A new transportation and infrastructure bill proposed by Congressional Democrats seeks to invest nearly $500 billion in highways, bridges, safer streets, zero-emission vehicles, and public transit. The bill, however, would also delay, by as much as 18 months, the new Federal Motor Carrier Safety Administration’s hours-of-service (HOS) final rule which had been set to go into effect on Sept. 29.
A “comprehensive review” of the new rules is now part of the House of Representatives’ bill, titled Investing in a New Vision for the Environment and Surface Transportation in America Act (INVEST in America), proposed by Transportation and Infrastructure Chairman Peter DeFazio, D-Oregon.
The bill includes $319 billion for highways and infrastructure, including fixing nearly 50,000 structurally compromised bridges across the nation. The bill represents “the largest highway legislation in history” and nearly doubles a similar $287 billion bill recently introduced in the Senate.
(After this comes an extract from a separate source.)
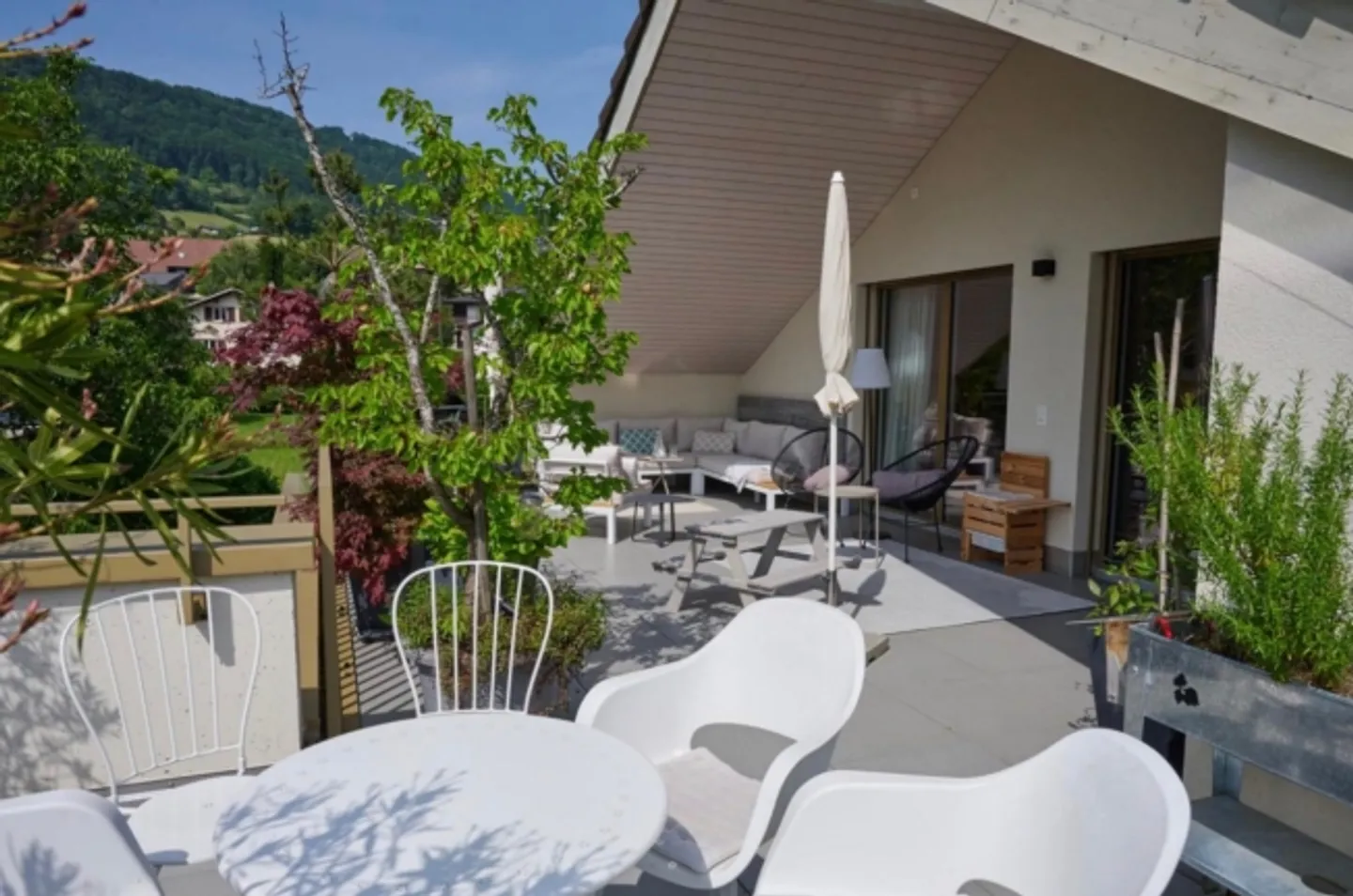 Modern 5.5-room penthouse apartment in Erlinsbach with beautiful terrace where you can enjoy the evening sun - Photo 1 of 11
The bill would provide $4.6 billion over five years to the FMCSA, part of which would be used for a Large Truck Crash Causal Factors Study. It would offer incentives for reducing emissions related pollution and increase the funding for charging stations for zero-emission vehicles. The bill would also provide $250 million for truck parking projects.
The legislation, if passed, would require a delay in the HOS final rule until 60 days after the submission of a “comprehensive review of hours of service rules and the impacts of waivers, exemptions, and other allowances that limit the applicability of such rules.”
The new HOS rules would have made four significant changes for truckers including increasing safety and flexibility for the 30-minute break rule. It would modify the sleeper berth exception by allowing drivers to split the required 10-hours off duty into two periods, an 8/2 split or a 7/3 split with neither period counting against a driver’s 14-hour driving window.
It would modify the adverse driving conditions exception by extending the time during which driving is permitted by two hours. And, it would change the short-haul exception available to certain commercial drivers by extending the driver’s on-duty period from 12 to 14 hours and extending the distance limit from 100 air miles to 150 air miles.
Reactions to the House proposal from industry stakeholders were mostly positive. Chris Spear, American Trucking Associations President, and CEO said in a statement, “This draft legislation contains significant investment in our country’s roads and bridges and approaches highway and truck safety from a data-driven perspective. And while we may not agree on every provision therein, this is a real and commendable step on the part of the committee to advance the process in the House and ultimately arrive at a negotiable solution with the Senate.”
Republicans, however, pointed out the bill would need to have their input, saying that transportation-related issues have always been bipartisan. But, since infrastructure has become an urgent priority in recent years, a compromise between House Democrats and Senate Republicans should be on the horizon.